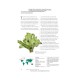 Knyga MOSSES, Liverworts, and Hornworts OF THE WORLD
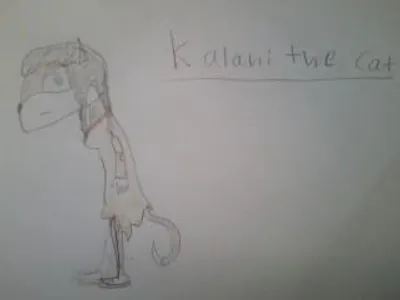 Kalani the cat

☆ ☆ ☆ ☆ ☆

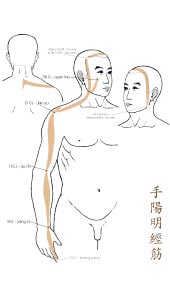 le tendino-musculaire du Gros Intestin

☆ ☆ ☆ ☆ ☆

Reproduce, word for word, only the lines in the records above from the line with "Knyga MOSSES, Liverworts, and" through the line with "Kalani the cat", including both ends; omit the pictures.

 Knyga MOSSES, Liverworts, and Hornworts OF THE WORLD
 Kalani the cat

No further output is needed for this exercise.